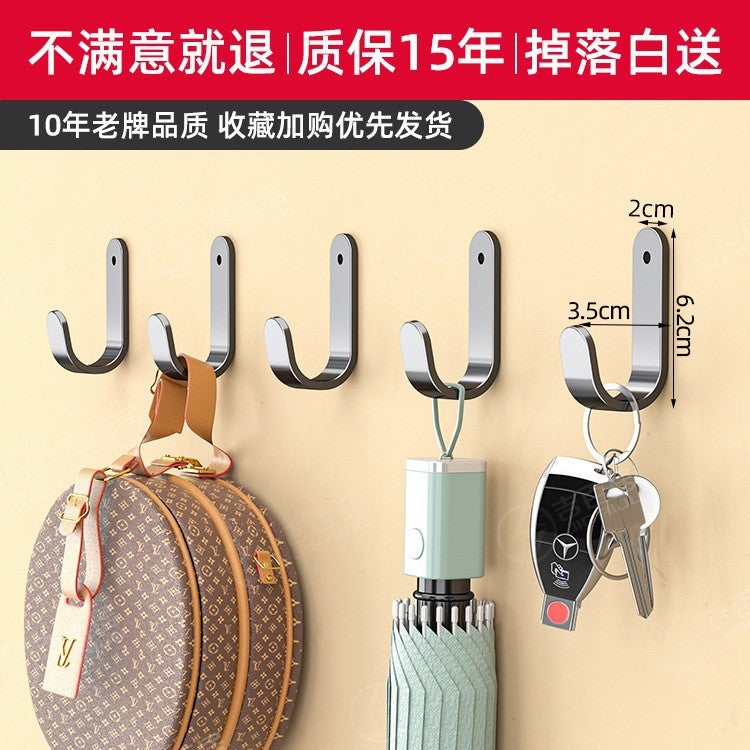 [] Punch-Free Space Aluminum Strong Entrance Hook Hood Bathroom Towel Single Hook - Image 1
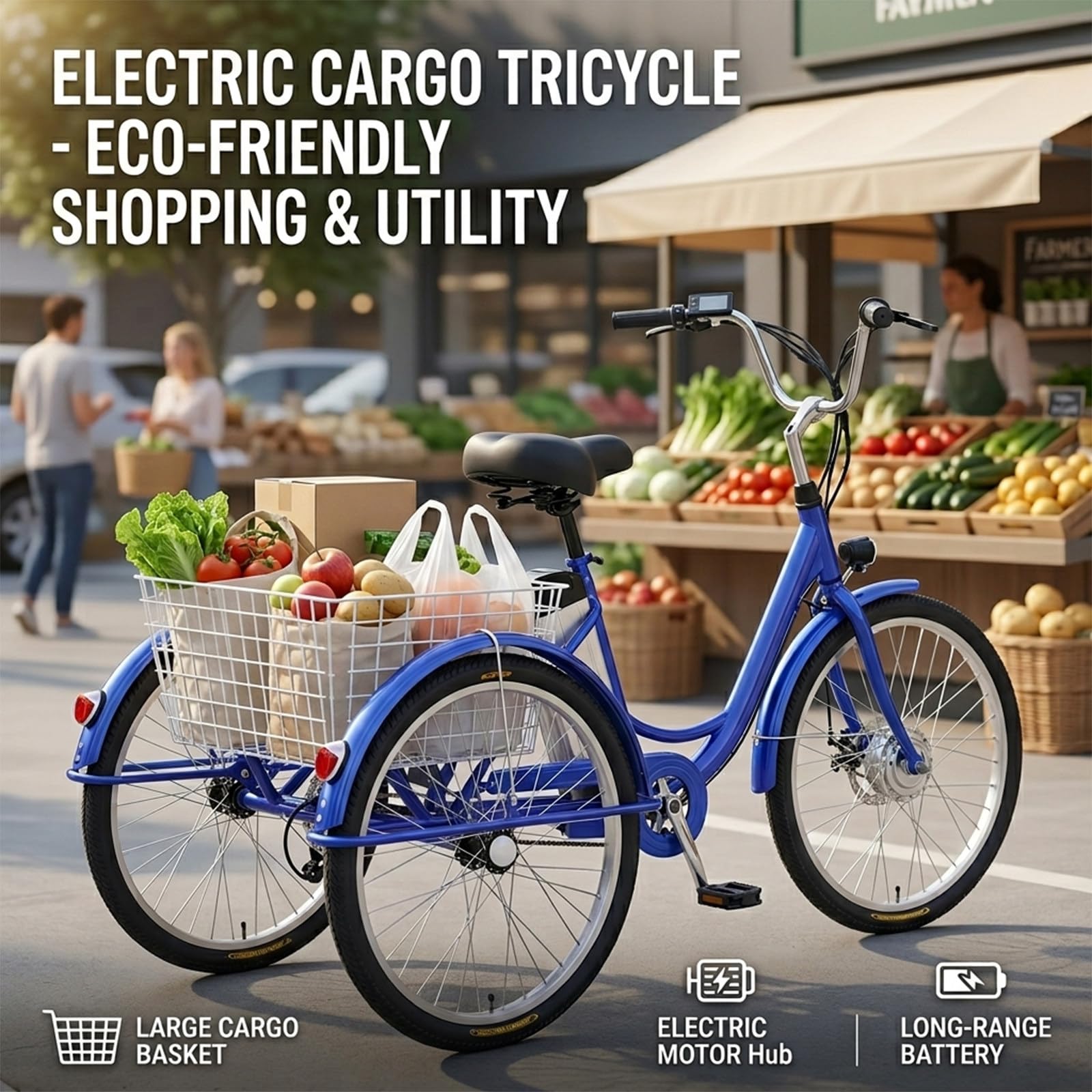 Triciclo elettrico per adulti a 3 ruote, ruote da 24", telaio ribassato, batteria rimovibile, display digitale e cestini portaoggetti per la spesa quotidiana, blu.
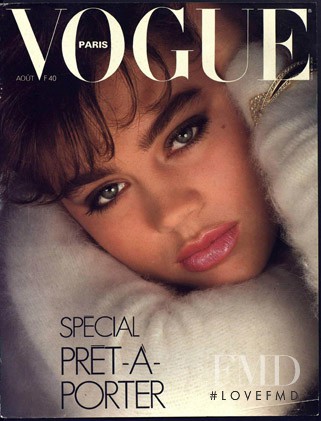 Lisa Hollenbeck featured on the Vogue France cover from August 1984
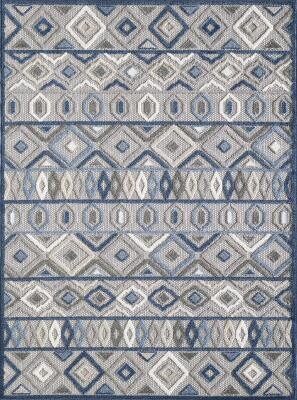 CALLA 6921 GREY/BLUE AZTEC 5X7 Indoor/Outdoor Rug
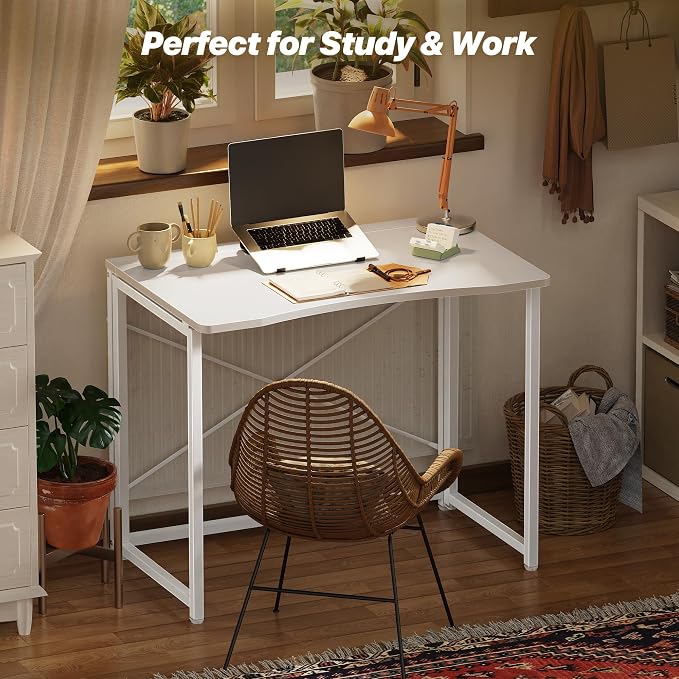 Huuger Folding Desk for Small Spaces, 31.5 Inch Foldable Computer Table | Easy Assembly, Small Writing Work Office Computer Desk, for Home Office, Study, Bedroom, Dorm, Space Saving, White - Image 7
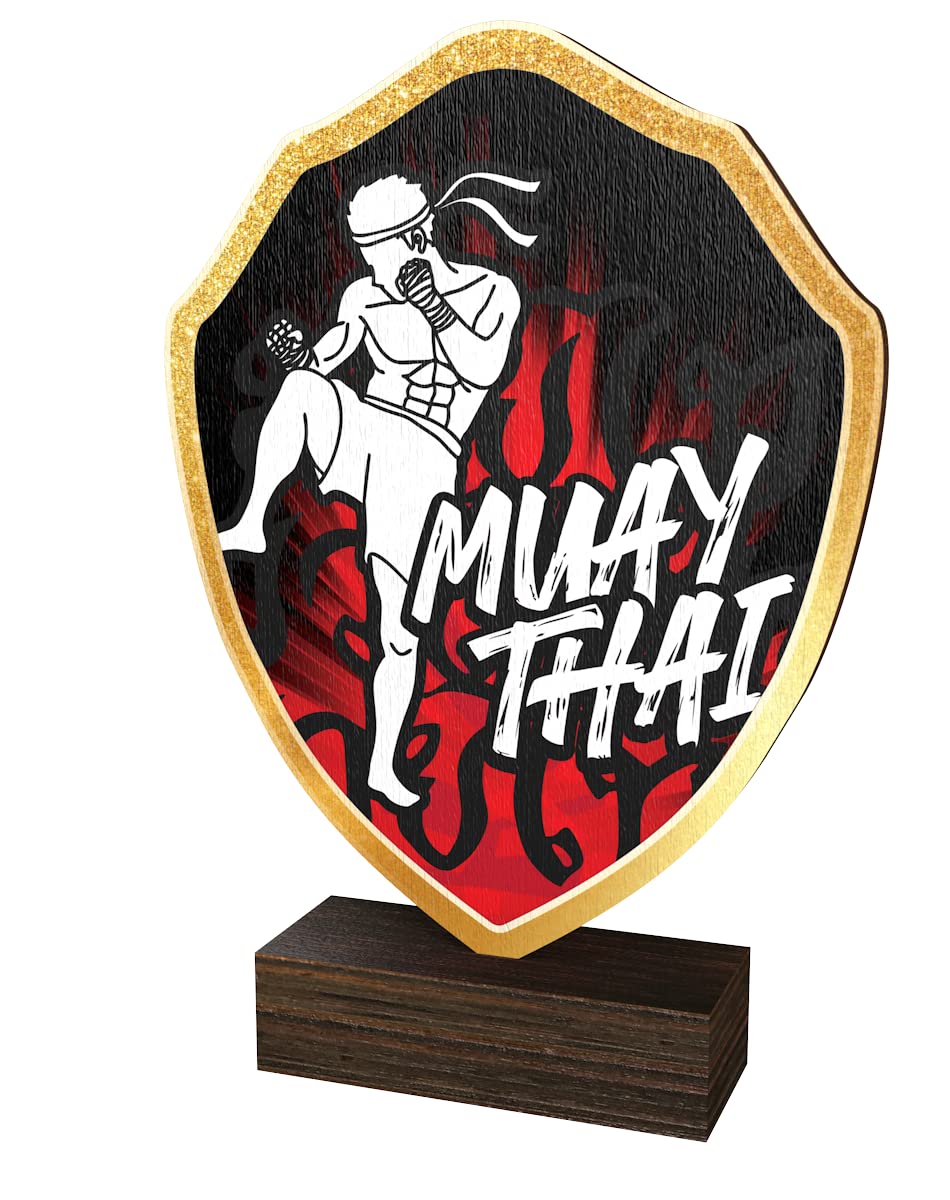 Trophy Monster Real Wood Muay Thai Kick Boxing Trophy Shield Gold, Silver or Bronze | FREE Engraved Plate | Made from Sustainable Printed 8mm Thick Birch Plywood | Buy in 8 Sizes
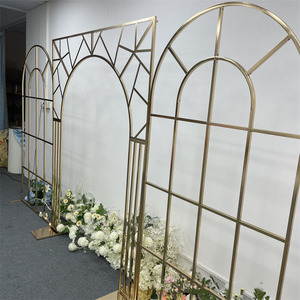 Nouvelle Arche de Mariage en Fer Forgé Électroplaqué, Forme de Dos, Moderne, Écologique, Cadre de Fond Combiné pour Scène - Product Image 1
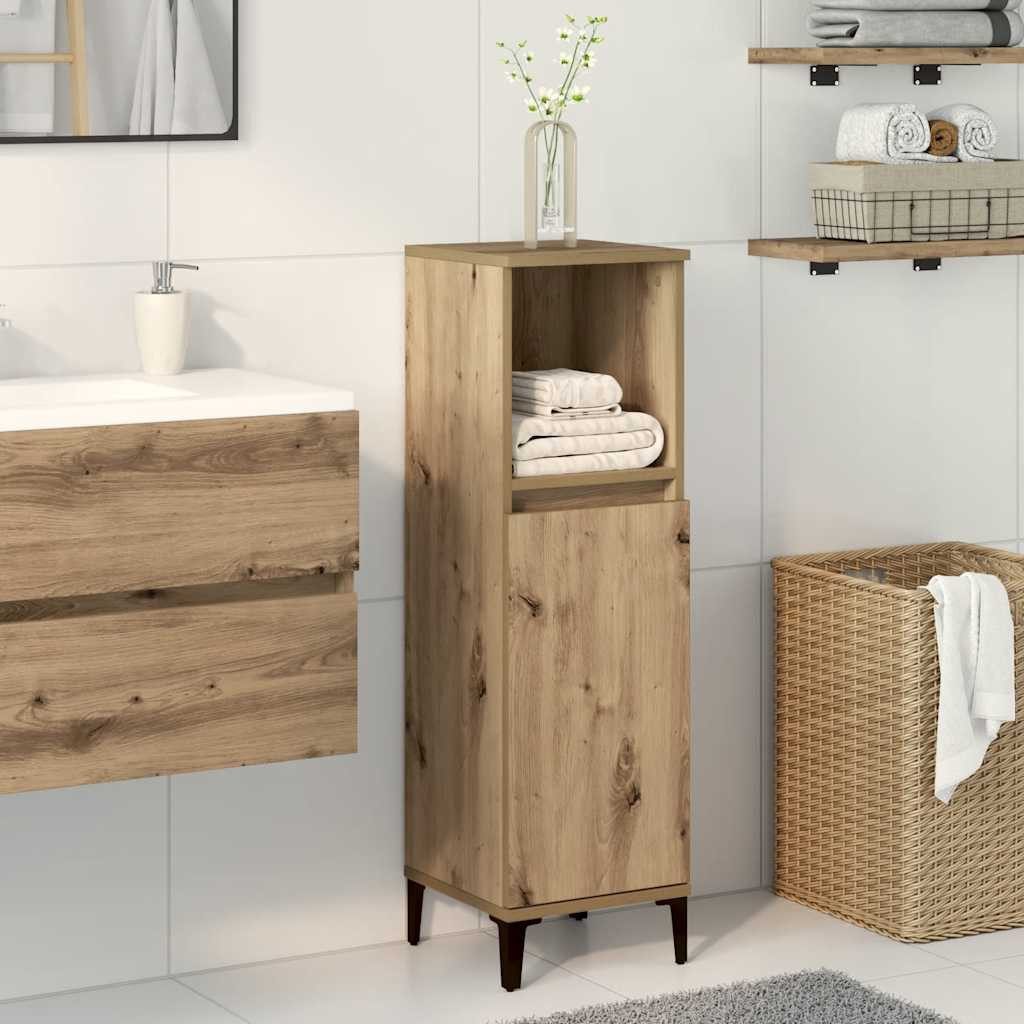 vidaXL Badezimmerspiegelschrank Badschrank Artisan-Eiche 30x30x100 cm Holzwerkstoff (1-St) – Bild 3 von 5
#####
From the line that contains "Nouvelle Arche de" to the last line of the data above, inclusive, transcribe every line exactly and only those lines, omitting pictures.

Task response:
 Nouvelle Arche de Mariage en Fer Forgé Électroplaqué, Forme de Dos, Moderne, Écologique, Cadre de Fond Combiné pour Scène - Product Image 1
 vidaXL Badezimmerspiegelschrank Badschrank Artisan-Eiche 30x30x100 cm Holzwerkstoff (1-St) – Bild 3 von 5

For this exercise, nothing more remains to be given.